Patricia Leavy: Even the President Can Be Bullied

May 09, 2011

by Patricia Leavy, associate professor of Sociology at Stonehill
Providence Journal

When President Obama recently offered up a copy of his detailed birth certificate, he cited the need to "put an end to the silliness" and help our nation focus on more pressing matters. We are now learning something more of the seriousness of the issues Obama was dealing with during the birth-certificate campaign. The sad fact is that the president's public disclosure of his birth certificate was not really about silliness. It was all about bullying.

Obama did not disclose his birth certificate to clear his name, but rather because he was bullied by Donald Trump and other characters into doing so. With an epidemic of "tween" and teen bullying, often with tragic repercussions, it is both somewhat reassuring and very alarming to know that no one is immune.

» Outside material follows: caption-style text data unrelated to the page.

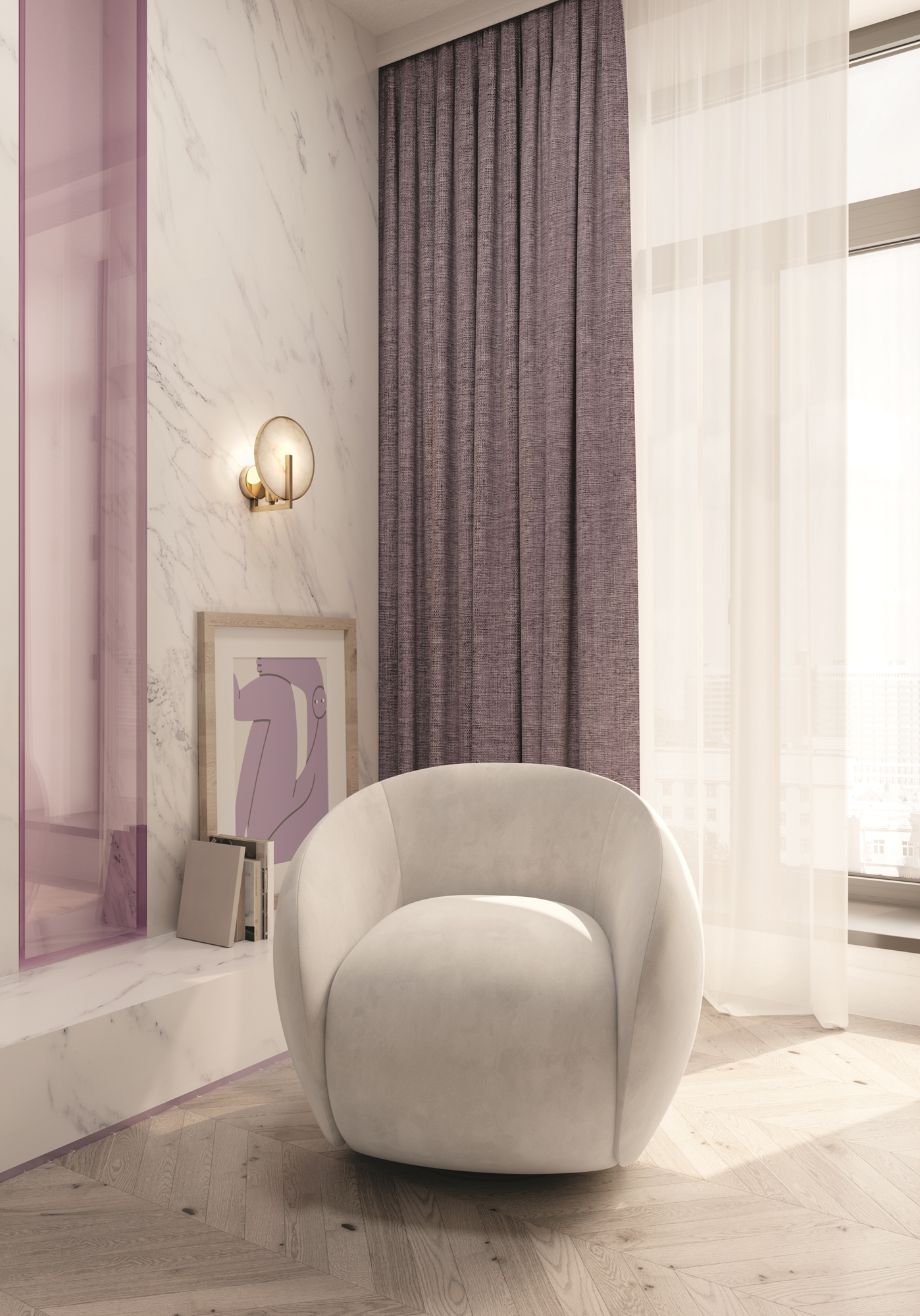 картинка Настенный светильник (бра) Maytoni MOD099WL-01G2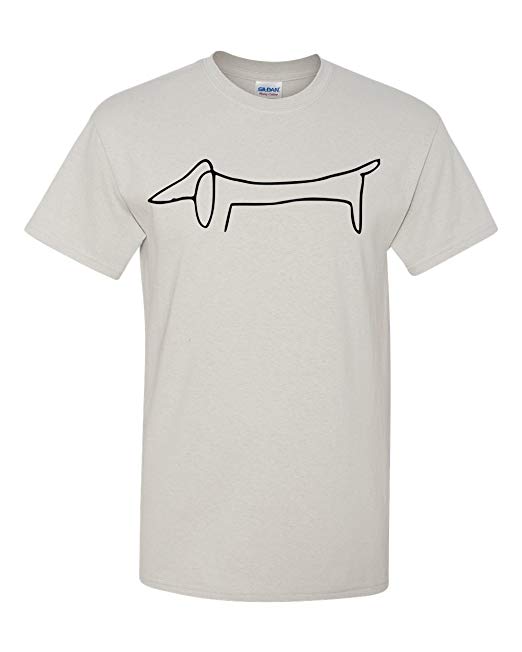 522x652 pablo picasso dachshund drawing light grey t shirt - Picasso Dachshund Drawing
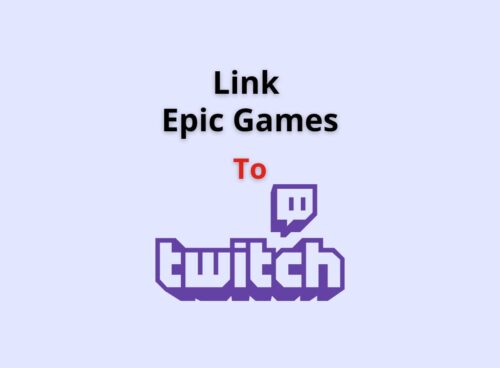 link epic games to twicth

Bullying is always about power. Often, it is a means to make oneself appear strong and powerful at the expense of another. In this way, bullying always involves three parties: the bully, the bullied and the bystanders.

Bullies have one goal: getting attention for themselves so they feel like big shots. This was certainly evidenced when Donald Trump - who is now calling for the president's school records - held a press conference to take credit for forcing Obama to reveal his birth certificate.

The bullied, or victim, usually just wants the harassment to end, and there is a breaking point when he can take no more. President Obama's press conference was his breaking point, no doubt due to the issues of import requiring his full attention. And then there's us. In the "birthers' brouhaha," the American public has been forced to play the role of bystander to the bullying on the political playground.

When I was watching the birth-certificate drama unfold on live television, I couldn't help but think that it was such an enormous waste of time and resources in an age when we have so many pressing issues to deal with. This is exactly how I feel when my daughter comes home from school and informs me that she didn't learn her social-studies lesson because children were misbehaving, so instead, they spent their time in an unsettled classroom or sitting quietly, as time was diverted to restoring order to the class. In these instances it is clear that the loudest voice hijacks everyone's time and energy.

In light of the recent announcement that U.S. special forces have killed Osama bin Laden, the politics of distraction promulgated by Trump and others are all the more clear. While they were calling for the president to again prove his citizenship, Obama was leading a campaign to bring down the man responsible for the 9/11 terror attacks. Who looks silly now?

Unfortunately we have become accustomed to bullying at its worst. Whether it is a college student leaving a suicide note on Facebook, a lone high-school student hanging herself in her room, or two bullied eighth-grade girls in Minnesota carrying out their suicide pact, bullying is claiming young lives all across America. It happens all too frequently in all types of communities.

We are all no doubt saddened and troubled when we hear about these tragic events. As parents, we are heartbroken when we know our children are being teased and tormented.

This is an issue we can all come together on. But where does it leave us when we see the very people who want to run our country behaving like the nastiest school-yard bullies and calling their ridiculous campaign an important investigation?

The funny thing about bullying is that the ones who have the most power to control it once it has started are not the bully or the bullied, but rather, the bystanders. Those are the people who let it happen, by bearing witness silently, or, who refuse to let it continue.

In the case of Obama versus Trump, I've got news for you: That's us.

For parents this is a teachable moment. When children come home from school talking about being bullied, their friends being bullied or events they have learned about from media, parents are armed with a new resource that can offer valuable perspective. We can now cite the fact that no one is immune from bullying.

Not even the president of the United States.